Ovvero, se si erano preoccupati per così poco, allora figurarsi per il resto! Oppure esiste un altro significato che non riesco a cogliere? 

Grazie infinite a chiunque interverrà


----------



## catb

Ciao Lilithniahm!

Non so il tempo giusto da usare ma penso che hai colto bene il significato.


----------



## PatsRule

Lilithniahm said:


> Salve a tutti!
> 
> _"Luck, then," said Logen to the lads. None of them spoke. They'd hardly said a word to him since the night of the ambush. Most likely that whole business with the thumbs had got them worried. But if that was the worst they saw while they were up here they'd have done alright, Logen reckoned.
> _
> Il mio problema si pone con l'ultima frase, che sembrerebbe una _if sentence_ normalissima, ma non mi ci ritrovo con i tempi e, conseguentemente, con la traduzione. Inoltre, a meno che non si tratti di una frase ironica, non ha nemmeno senso, secondo me. Letteralmente:
> 
> "Ma se quella era stata (il tempo deve essere necessariamente questo, giusto?) la cosa peggiore che avevano visto quassù, allora se la sarebbero cavata bene".
> 
> Ovvero, se si erano preoccupati per così poco, allora figurarsi per il resto! Oppure esiste un altro significato che non riesco a cogliere?
> 
> Grazie infinite a chiunque interverrà




Ciao Lilithniahm,

I think if I write it a bit differently, it will be more understandable to you (I hope so)

"But if the whole business with the thumbs was the worst they saw during the time they spend up here, then it wasn't going to be so bad, Logan thought to himself"
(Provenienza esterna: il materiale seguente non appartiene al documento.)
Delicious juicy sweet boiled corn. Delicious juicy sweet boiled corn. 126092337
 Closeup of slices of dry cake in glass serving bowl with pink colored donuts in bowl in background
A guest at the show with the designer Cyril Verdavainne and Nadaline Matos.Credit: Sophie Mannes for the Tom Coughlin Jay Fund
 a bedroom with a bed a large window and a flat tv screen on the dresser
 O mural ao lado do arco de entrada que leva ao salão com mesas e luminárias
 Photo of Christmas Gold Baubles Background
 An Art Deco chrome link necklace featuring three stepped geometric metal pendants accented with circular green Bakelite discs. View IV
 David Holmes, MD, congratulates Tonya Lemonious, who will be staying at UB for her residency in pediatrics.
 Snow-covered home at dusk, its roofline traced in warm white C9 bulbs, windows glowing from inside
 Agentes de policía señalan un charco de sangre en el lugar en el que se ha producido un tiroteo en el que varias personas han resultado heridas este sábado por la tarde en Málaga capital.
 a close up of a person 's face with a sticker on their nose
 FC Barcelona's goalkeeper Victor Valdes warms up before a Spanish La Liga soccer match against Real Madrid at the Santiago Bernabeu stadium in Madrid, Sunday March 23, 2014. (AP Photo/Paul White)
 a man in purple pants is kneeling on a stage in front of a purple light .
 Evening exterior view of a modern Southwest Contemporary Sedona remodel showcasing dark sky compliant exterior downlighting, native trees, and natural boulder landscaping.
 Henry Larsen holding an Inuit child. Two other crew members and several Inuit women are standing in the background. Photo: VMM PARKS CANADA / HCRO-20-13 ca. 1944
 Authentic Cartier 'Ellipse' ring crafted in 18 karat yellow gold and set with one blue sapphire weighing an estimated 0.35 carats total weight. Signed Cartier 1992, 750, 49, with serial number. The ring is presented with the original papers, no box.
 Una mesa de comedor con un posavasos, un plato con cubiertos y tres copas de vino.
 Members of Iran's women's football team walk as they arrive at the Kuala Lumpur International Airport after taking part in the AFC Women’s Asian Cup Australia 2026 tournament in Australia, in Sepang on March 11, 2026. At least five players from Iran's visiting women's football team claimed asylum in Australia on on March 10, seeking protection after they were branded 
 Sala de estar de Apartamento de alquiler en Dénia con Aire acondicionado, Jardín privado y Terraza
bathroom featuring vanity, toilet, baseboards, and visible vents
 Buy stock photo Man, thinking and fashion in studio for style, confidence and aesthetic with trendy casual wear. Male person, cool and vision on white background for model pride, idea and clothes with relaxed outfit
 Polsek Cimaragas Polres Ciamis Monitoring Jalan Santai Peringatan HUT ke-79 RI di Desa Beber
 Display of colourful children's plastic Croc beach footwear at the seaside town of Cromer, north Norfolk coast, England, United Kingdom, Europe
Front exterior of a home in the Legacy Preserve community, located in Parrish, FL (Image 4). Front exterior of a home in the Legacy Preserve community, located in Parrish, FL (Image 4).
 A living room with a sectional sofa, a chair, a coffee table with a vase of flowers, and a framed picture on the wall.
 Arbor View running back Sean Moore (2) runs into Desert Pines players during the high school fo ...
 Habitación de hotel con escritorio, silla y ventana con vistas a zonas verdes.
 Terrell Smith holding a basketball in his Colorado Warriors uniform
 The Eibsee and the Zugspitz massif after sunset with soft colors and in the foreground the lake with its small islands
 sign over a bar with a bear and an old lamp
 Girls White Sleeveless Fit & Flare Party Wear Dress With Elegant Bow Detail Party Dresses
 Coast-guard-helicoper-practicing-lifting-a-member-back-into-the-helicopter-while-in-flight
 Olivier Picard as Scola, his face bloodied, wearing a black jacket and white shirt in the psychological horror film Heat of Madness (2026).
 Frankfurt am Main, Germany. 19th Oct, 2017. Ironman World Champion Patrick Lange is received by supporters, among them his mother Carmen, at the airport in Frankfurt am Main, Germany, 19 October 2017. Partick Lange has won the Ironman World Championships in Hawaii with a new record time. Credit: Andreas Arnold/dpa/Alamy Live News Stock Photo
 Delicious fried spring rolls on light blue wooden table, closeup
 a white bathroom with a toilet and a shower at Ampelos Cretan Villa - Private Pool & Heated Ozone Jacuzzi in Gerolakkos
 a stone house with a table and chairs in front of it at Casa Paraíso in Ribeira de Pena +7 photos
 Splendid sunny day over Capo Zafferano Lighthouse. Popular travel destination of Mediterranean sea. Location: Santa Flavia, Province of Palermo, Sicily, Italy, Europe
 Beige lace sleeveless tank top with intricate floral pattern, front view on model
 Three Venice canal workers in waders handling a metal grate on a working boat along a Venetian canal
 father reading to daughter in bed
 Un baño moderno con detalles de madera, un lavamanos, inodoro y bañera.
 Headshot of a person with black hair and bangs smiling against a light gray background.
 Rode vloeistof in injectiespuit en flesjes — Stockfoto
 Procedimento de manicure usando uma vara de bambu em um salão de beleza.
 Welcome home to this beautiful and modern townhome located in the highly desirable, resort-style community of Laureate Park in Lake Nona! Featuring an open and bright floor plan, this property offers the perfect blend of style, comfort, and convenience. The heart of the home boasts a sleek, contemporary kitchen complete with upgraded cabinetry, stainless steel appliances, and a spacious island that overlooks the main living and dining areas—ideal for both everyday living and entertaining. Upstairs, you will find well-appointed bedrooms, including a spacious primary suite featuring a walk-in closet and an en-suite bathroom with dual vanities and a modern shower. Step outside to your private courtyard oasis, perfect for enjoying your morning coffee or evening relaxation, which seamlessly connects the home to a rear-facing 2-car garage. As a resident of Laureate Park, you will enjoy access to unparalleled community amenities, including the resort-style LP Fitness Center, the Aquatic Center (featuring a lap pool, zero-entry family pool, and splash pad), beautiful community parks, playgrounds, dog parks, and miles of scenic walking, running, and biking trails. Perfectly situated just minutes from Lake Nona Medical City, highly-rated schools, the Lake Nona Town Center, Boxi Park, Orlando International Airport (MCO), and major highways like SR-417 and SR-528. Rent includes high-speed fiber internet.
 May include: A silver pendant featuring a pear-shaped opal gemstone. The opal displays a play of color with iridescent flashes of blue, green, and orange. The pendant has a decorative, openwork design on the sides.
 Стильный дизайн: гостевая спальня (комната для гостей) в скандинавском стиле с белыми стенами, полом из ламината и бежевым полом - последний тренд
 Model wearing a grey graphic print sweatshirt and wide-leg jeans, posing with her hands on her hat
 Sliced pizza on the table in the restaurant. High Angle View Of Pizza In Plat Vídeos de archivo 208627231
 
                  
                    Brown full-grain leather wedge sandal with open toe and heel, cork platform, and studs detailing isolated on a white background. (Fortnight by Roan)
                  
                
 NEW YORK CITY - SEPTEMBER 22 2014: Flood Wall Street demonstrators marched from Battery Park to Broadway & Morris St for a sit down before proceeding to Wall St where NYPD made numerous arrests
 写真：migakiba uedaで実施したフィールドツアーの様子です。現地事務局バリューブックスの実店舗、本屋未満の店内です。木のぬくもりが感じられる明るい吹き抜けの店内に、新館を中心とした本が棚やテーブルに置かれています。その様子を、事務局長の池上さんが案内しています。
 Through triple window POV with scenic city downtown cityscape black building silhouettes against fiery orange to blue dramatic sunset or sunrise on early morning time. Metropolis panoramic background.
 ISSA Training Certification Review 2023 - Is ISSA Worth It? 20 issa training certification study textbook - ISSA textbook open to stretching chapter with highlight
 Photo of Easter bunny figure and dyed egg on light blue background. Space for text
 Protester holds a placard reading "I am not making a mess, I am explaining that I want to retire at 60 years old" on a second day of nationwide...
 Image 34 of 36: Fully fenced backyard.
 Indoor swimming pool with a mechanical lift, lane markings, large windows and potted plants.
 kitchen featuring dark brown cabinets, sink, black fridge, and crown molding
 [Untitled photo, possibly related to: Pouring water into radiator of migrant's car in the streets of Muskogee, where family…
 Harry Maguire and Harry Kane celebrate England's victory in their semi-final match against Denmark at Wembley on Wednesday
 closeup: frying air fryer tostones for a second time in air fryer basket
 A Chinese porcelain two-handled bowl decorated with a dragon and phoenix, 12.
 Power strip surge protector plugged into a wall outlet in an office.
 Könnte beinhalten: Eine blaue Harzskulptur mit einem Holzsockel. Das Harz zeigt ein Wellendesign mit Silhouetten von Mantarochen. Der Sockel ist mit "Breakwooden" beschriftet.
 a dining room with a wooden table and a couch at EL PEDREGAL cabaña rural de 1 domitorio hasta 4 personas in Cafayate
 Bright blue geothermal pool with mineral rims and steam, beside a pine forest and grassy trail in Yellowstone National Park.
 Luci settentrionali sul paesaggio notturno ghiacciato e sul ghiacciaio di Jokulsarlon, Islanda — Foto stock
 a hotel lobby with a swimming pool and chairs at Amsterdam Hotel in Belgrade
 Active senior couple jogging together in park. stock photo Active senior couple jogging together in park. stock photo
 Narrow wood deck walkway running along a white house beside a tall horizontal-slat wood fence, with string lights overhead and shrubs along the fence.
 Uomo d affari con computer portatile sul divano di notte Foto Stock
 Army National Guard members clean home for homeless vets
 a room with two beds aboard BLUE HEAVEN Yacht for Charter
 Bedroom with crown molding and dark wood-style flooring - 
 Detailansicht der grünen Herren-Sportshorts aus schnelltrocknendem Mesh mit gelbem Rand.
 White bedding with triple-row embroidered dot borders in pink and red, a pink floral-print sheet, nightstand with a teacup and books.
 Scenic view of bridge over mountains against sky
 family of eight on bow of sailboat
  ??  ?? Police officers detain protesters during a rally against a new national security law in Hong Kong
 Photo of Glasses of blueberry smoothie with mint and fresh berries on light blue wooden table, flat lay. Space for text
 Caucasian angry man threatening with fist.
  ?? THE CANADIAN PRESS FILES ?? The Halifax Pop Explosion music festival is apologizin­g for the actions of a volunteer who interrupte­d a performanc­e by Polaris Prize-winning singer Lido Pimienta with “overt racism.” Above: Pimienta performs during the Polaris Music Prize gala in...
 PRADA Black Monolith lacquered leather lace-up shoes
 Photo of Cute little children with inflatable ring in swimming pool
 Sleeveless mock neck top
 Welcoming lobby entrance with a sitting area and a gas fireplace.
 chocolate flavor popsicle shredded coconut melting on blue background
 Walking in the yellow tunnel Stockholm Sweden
non: "Ovvero, se si erano preoccupati per così poco, allora figurarsi per il resto!" 
ma: "se questo il peggio, allora il resto non sarà così male!"


----------



## L'Enrico

_- Ma se quella è stata la cosa peggiore che hanno visto mentre erano quassù, è probabile che se la siano cavata bene, _or _[...] immagino che se la siano cavata bene_, or _[...] se la saranno cavata bene_, or less literal, _[...] non devono aver avuto grossi problemi_.

[EDIT: @PatsRule
Is "They'd have done alright" a future in the past? I see that you rewrote the sentence as "then it wasn't going to be so bad". Wouldn't that be equivalent to "Then they would do alright"? Maybe I'm missing something.]

E.


----------



## PatsRule

Ciao l'Enrico,

"would have" is not always a future in the past, however in this case... 
If something that they've seen or something that has happened to them was as bad as it was going to get, then they'd have done alright = then they're in good shape = then they can anticipate nothing worse happening in the future.
Maybe if were worded "then they'd have done alright for themselves" it would be more clear - although the meaning is the same.


----------



## L'Enrico

PatsRule said:


> then they *are* in good shape = then they can anticipate nothing worse happening *in the future*



Thank you for your reply PatsRule.
I don't understand. If that is the intended meaning, why isn't it "[...], then they would do alright" instead of "[...], then they would have done alright"? 
I'm confused. 

E.


----------



## CPA

_Ma, secondo Logen, se quello fosse il peggio che avrebbero visto lassù, allora gli sarebbe andata bene.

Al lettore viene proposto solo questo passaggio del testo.